◆ THE PROBLEM ◆
Say how many lines in the listing below contain the word "Neon". Give the number alone.

◆ DATA UNDER STUDY ◆
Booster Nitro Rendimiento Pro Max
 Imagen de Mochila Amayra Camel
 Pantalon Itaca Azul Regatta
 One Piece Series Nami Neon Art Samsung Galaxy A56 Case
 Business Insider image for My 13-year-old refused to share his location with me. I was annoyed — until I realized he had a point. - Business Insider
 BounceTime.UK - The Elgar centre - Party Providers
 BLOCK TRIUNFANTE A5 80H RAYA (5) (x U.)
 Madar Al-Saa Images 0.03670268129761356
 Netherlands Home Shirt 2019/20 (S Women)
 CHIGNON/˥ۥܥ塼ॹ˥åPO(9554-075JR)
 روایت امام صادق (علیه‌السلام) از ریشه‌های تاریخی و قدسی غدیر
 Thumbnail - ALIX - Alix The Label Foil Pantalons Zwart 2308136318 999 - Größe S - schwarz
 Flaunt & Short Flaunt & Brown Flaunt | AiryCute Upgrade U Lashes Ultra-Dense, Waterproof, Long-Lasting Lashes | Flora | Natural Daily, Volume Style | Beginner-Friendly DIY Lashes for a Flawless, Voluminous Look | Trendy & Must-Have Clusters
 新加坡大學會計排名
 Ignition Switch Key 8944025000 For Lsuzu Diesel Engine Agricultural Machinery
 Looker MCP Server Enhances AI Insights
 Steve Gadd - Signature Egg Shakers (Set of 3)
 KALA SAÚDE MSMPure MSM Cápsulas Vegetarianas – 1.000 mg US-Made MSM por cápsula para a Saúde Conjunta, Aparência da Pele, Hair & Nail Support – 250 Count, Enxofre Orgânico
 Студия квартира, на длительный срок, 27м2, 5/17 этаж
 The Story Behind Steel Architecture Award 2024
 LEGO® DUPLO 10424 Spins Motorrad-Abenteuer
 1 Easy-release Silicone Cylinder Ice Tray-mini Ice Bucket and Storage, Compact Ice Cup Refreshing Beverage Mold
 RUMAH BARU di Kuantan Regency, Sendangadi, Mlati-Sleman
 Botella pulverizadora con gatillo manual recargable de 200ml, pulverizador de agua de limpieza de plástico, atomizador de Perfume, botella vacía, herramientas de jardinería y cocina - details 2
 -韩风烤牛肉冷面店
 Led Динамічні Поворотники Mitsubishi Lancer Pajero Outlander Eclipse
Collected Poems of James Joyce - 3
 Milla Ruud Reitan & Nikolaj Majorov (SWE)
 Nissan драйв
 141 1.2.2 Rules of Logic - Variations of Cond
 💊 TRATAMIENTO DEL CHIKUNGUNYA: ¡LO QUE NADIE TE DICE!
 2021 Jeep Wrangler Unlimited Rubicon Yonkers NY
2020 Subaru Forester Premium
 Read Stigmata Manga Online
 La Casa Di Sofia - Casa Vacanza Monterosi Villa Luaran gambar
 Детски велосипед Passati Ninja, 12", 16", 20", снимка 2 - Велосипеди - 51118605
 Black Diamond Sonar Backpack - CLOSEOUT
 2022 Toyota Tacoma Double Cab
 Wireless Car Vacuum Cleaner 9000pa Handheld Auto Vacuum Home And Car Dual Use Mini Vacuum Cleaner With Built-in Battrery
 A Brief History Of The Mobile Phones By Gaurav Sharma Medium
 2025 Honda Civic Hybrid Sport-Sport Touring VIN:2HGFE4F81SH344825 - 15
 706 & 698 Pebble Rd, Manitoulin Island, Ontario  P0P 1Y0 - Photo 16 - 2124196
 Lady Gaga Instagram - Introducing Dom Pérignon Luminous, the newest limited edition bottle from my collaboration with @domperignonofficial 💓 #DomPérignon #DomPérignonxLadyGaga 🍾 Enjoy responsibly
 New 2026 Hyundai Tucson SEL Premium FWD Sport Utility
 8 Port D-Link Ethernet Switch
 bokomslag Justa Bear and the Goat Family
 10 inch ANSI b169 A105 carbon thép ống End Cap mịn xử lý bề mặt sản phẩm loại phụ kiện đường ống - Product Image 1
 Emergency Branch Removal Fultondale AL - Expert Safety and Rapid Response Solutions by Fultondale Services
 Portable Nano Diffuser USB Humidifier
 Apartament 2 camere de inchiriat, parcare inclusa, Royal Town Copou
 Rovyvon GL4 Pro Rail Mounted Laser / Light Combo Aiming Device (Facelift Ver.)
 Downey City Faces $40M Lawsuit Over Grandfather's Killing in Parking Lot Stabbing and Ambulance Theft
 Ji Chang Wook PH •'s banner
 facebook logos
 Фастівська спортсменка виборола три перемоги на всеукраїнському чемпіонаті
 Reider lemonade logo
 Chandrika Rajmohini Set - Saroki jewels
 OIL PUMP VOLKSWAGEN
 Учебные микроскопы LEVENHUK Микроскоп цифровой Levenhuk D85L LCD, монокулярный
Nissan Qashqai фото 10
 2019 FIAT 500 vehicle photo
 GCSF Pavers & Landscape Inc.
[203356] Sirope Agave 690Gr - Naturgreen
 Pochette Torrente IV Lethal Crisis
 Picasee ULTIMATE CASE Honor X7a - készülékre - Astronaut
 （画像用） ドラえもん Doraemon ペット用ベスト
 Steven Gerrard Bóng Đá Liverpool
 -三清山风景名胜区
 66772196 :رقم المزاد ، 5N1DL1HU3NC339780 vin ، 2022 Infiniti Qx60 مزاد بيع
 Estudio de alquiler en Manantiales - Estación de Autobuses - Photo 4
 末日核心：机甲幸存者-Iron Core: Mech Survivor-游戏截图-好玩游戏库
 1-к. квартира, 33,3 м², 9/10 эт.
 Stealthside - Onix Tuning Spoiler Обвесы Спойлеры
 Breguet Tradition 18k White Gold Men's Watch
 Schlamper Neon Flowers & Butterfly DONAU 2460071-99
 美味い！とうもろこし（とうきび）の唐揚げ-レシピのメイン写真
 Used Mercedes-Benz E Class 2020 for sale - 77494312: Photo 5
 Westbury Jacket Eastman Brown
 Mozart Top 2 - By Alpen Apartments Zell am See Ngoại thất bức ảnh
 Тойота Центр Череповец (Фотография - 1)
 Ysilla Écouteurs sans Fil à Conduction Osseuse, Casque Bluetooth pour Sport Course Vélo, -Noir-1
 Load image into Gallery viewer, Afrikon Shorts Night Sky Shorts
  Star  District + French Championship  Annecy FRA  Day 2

◆ OUTPUT BELOW ◆
2